The last encounter was planned. Being close to Los Angeles was an opportunity to meet Lila Higgins and her wonderful team at the Los Angeles County Natural History Museum who are doing extensive outreach through citizen science. One of the most impressive areas in the museum is the Nature Lab with its wall of invitation to many types of citizen science, and an interactive, continually updated map of observations from iNaturalist in the area of L.A.. The lab is full of exploration areas, each of them inviting the visitors to explore nature through ‘memory maps’ – and in many cases, join citizen science activities such as observing birds, insects, or listening to the sounds at night.
At the time of the visit, two interns were working on classifying flies which were captured in a citizen science project across the city, and their view in the microscope was projected overhead. The live exhibits in the lab are also full of hints and information on how the visitors can join in and contribute to the collection. It was good to see the utilisation of the opportunistic and directed data collection that the museum provides – the synergy of professionals and volunteers which is integral to citizen science. Personally, the visit motivated me to upload my photos to iNat.

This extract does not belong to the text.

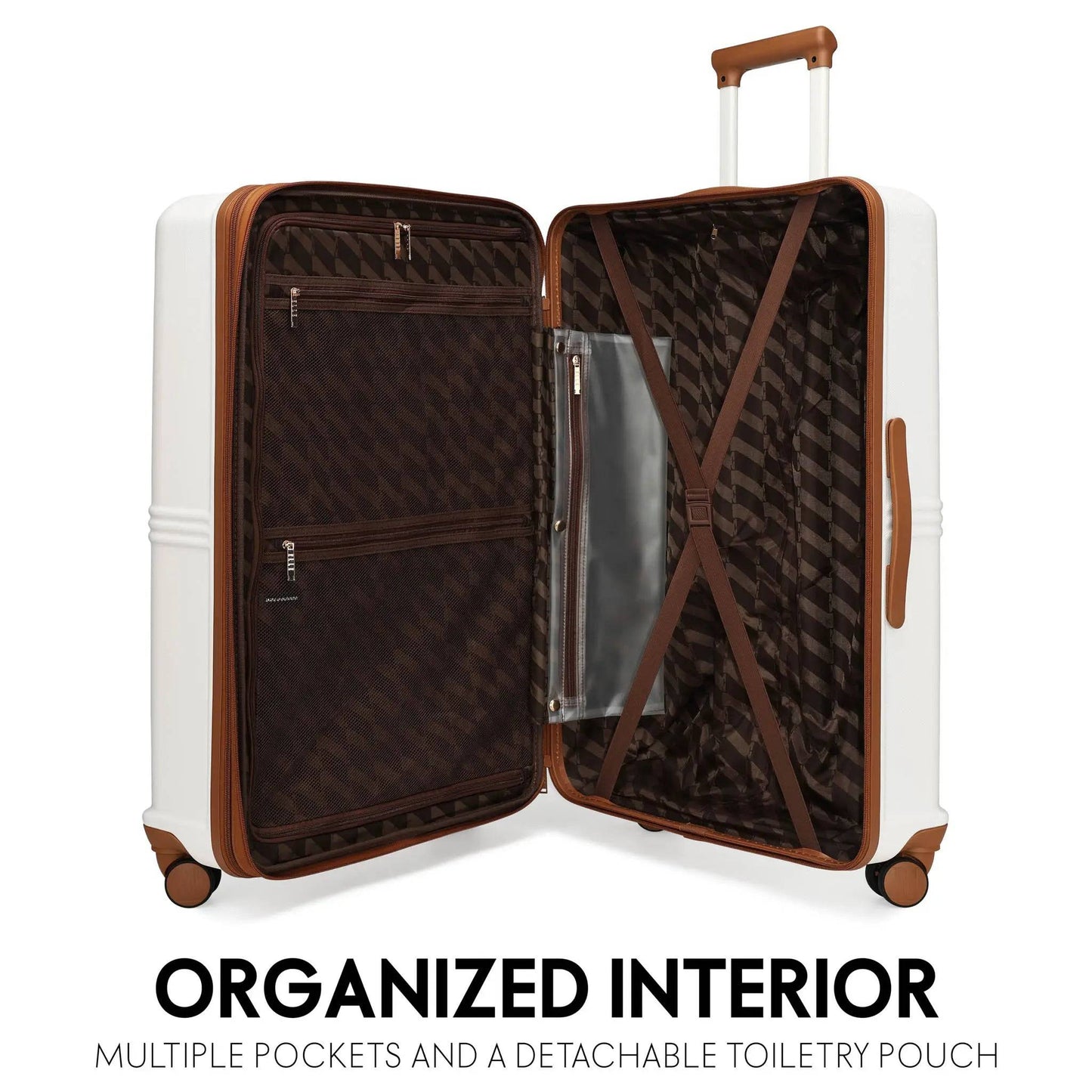 ELLE Expedition Polycarbonate Luggage Set - Stiles Supply Co.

On reflection, I can see the potential of opportunistic observations and participation in simple activities such as sharing photos. I did had to prepare the photos before uploading them to iNat, mostly to adjust the time-stamp from UK to California (I forgot to adjust the time at the beginning of the journey), but this was fairly simple and easy. I’m also pleased to micro-contribute to the monitoring and understanding nature in the places that I visited…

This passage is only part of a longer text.